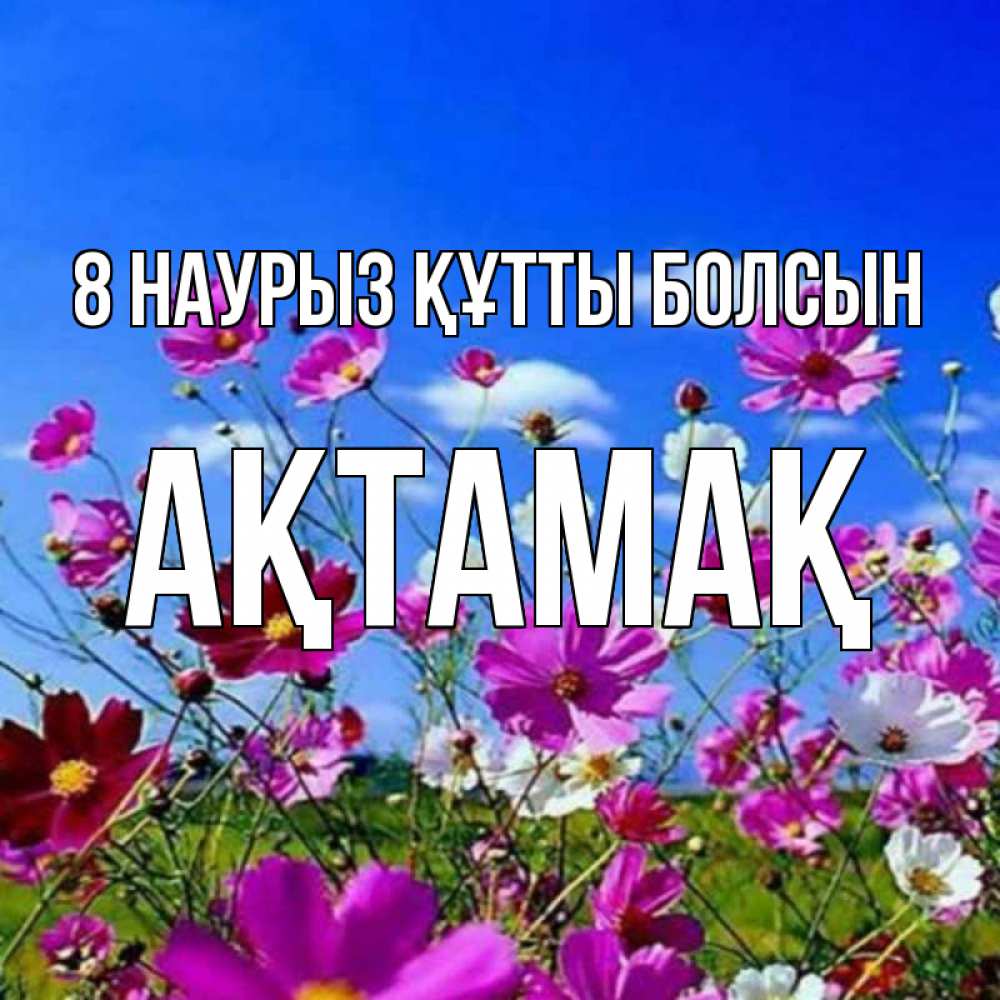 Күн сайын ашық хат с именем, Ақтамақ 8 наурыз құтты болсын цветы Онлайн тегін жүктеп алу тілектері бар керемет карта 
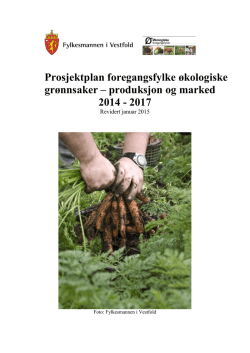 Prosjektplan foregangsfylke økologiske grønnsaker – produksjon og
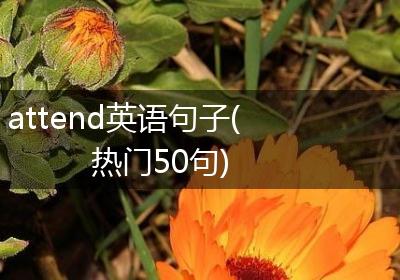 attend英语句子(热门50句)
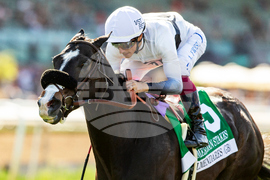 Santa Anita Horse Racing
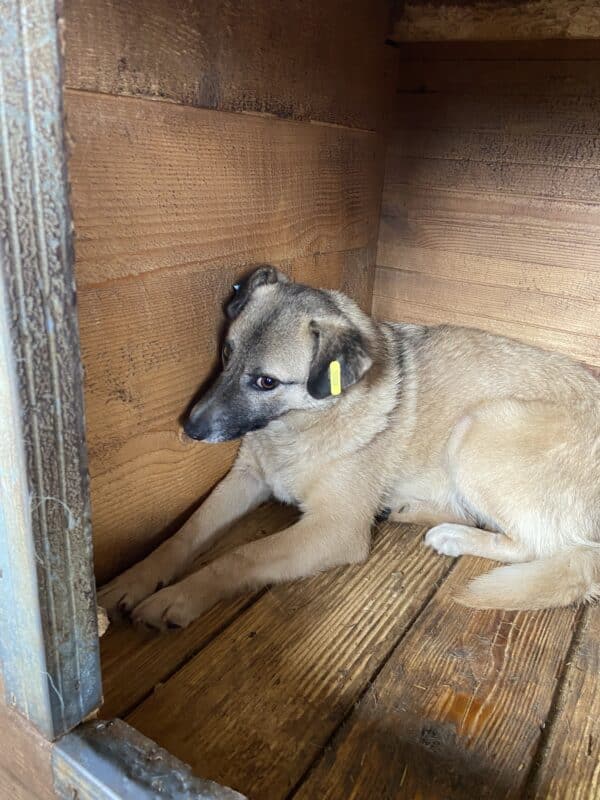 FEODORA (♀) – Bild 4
◇ ◇ ◇ ◇ ◇
* **TASK REQUIREMENTS**
From the line that includes "attend英语句子(热门50句)" on down to the last line of the entries above, set down each line exactly, leaving out the pictures.

* **ANSWER SECTION**
 attend英语句子(热门50句)
 Santa Anita Horse Racing
 FEODORA (♀) – Bild 4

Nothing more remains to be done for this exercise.